PROBLEM STATEMENT> Pictures aside, write every record out again word for word.

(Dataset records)
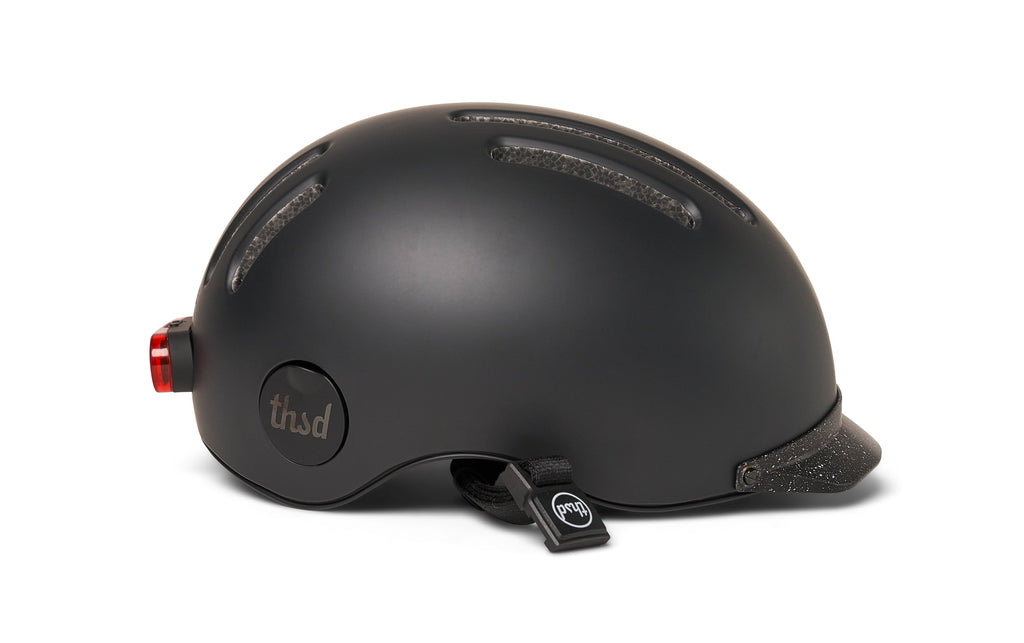 Chapter MIPS Helmet, black, side profile with visor and rear light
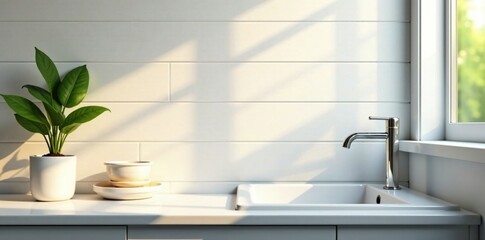 Fototapeta premium Bathroom sink with morning sunlight on white tile wall at front angle, glass, kitchen sink light, ceramic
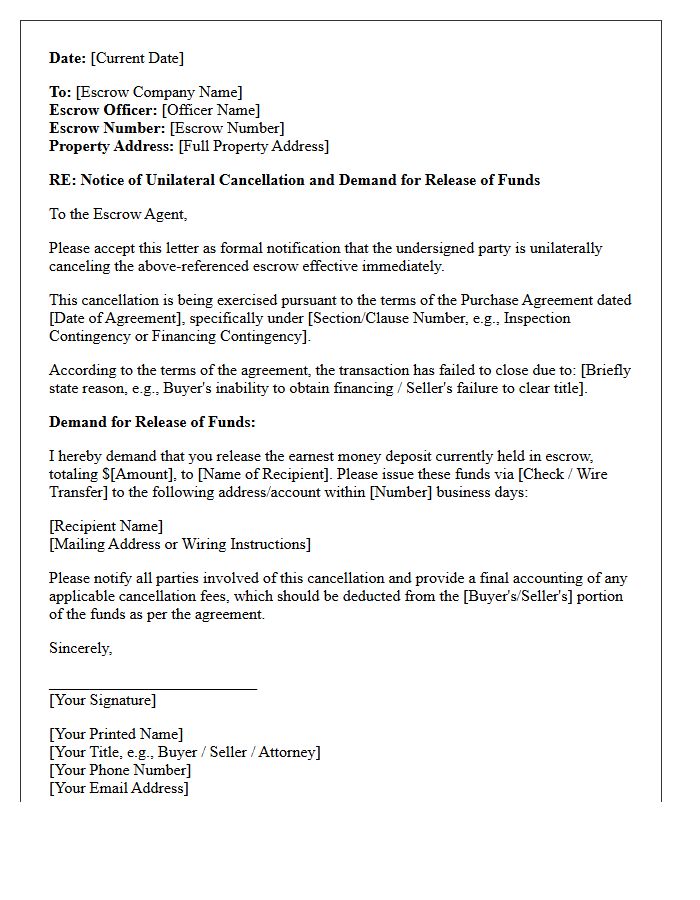 Unilateral Escrow Cancellation and Demand for Funds Release Letter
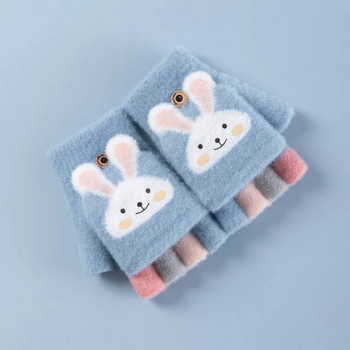 Ζεστά παιδικά γάντια για παιδιά χειμώνας πλεκτά πέντε δάχτυλα παιδικά γάντια κινουμένων σχεδίων Bunny Flip Gloves варежки детские зимние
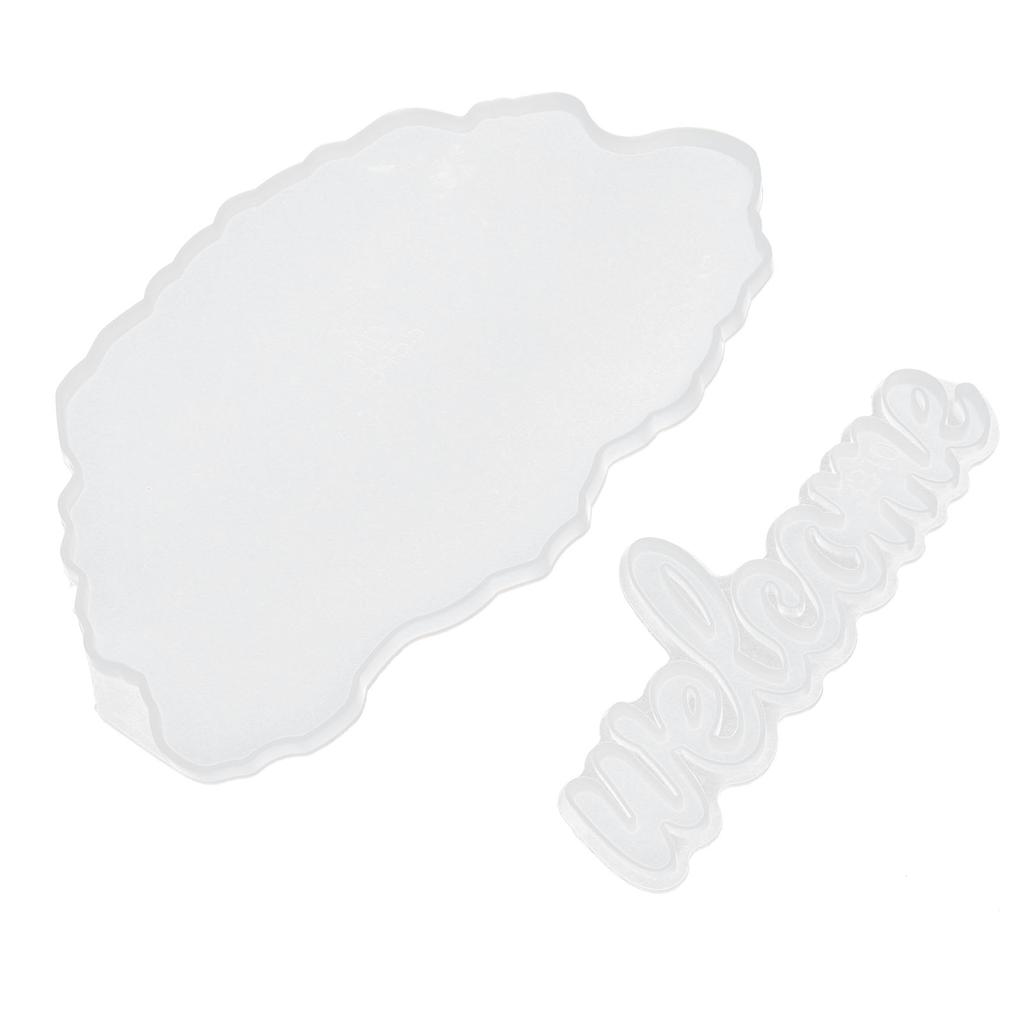 2Pcs Welcome Molds DIY Epoxy Cloud Doorplate Hanging Projects Silicone Resin Door Wall Decor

ANSWER TO THE PROBLEM>
 Chapter MIPS Helmet, black, side profile with visor and rear light
 Fototapeta premium Bathroom sink with morning sunlight on white tile wall at front angle, glass, kitchen sink light, ceramic
 Unilateral Escrow Cancellation and Demand for Funds Release Letter
 Ζεστά παιδικά γάντια για παιδιά χειμώνας πλεκτά πέντε δάχτυλα παιδικά γάντια κινουμένων σχεδίων Bunny Flip Gloves варежки детские зимние
 2Pcs Welcome Molds DIY Epoxy Cloud Doorplate Hanging Projects Silicone Resin Door Wall Decor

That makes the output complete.